İyi arkadaş güzelliklere, kötü arkadaş çirkinliklere yönlendirir. Öğrencilerin kişilik gelişimlerinde üniversitede sahip oldukları arkadaş ortamı da önemli bir etkiye sahiptir.

İdeal bir öğrencide olması gereken özellikler

Üniversitede eğitim gören ideal bir öğrencinin taşıması beklenen bazı vasıfları vardır. İlk olarak üniversiteye gelen bir öğrencinin hayat görüşünü netleştirmiş olması, belirli bir hedefi ve ideali olması gerekir. Eğer öğrenci bunları belirli bir kalıba oturtabilmişse üniversite ortamının olumsuz etkilerinden en az seviyede etkilenecek demektir. Çalışma disiplini, planı ve programlı çalışma alışkanlığı olan bir öğrenci, boş zamanlarında tamamen hedefine odaklanabilir ve boş zamanlarını fırsata çevirebilir. Dini eğitim ve terbiye almış, dini hassasiyetleri olan, ahlaken yüksek değerlere sahip bir öğrenci üniversite ortamının olumsuz yönlendirmelerine karşı mutlaka bir savunma mekanizması geliştirir. Arkadaş çevresinin kötü etkilerinden korunur, çünkü arkadaşlarını kendisine göre ve onu ileriye taşıyabilecek şekilde seçer.

İdeal bir öğrenci enerjik, atik ve cevval olmalı, hedefine ulaşmak için bütün gayretini sarf etmelidir.
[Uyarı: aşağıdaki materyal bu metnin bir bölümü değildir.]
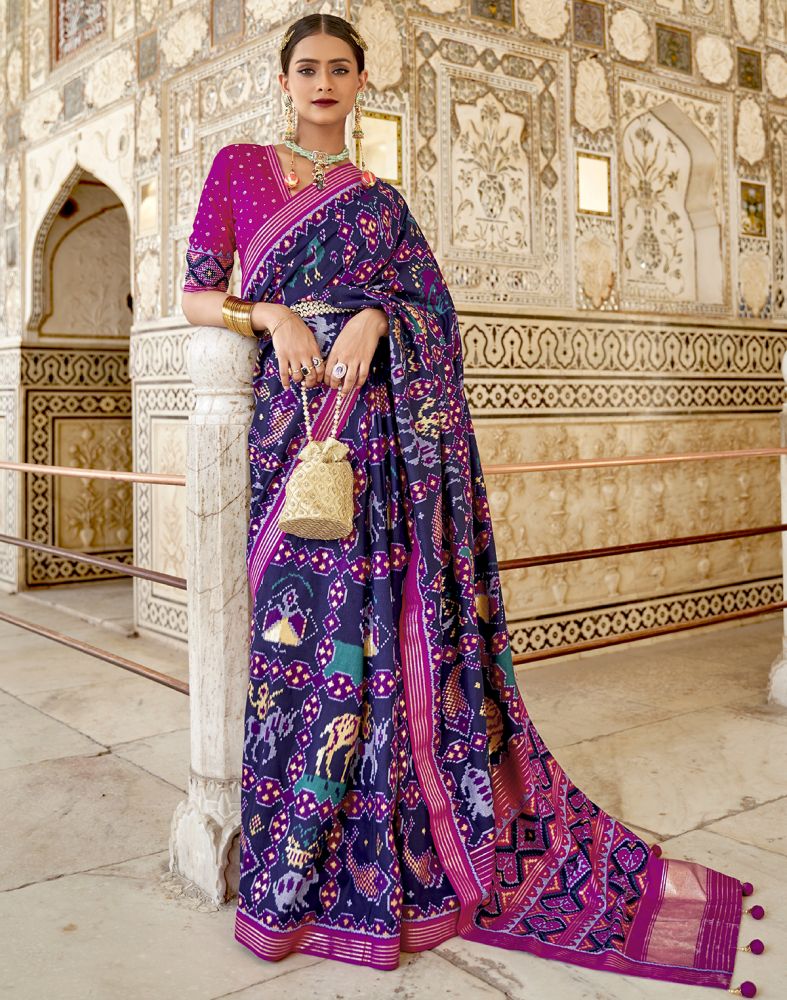 Ikat Pattern Navy Blue Patola Weaving Saree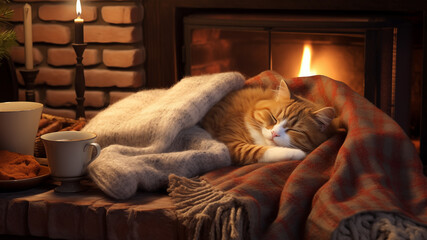 Red cat sleeping sweetly under a cozy blanket next to the fireplace - obrazy, fototapety, plakaty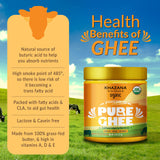 Khazana Pure Organic Grass Fed Ghee 8oz | Non-GMO, Gluten Free, Kosher & Keto Friendly | Traditional Indian Clarified Butter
Ayrıca öğrenci üniversiteyi bir amaç olarak değil, hedeflerine ulaşmak için bir araç olarak görmelidir.

Son söz…

Bir insan için en büyük rütbe kulluk makamıdır. Asıl gayemizin rıza-i ilahiye ulaşmak olması gerçeğinden hareketle, üniversitenin bir amaç değil, bir araç olduğu asla unutulmamalıdır.

Üniversite ortamında elde edilen olumlu veya olumsuz etkilerin sadece öğrenim süresiyle sınırlı kalmayacağı, ömrün geri kalanında da devam edeceği düşünülürse, bu süreçte çok dikkatli olmak gerekmektedir.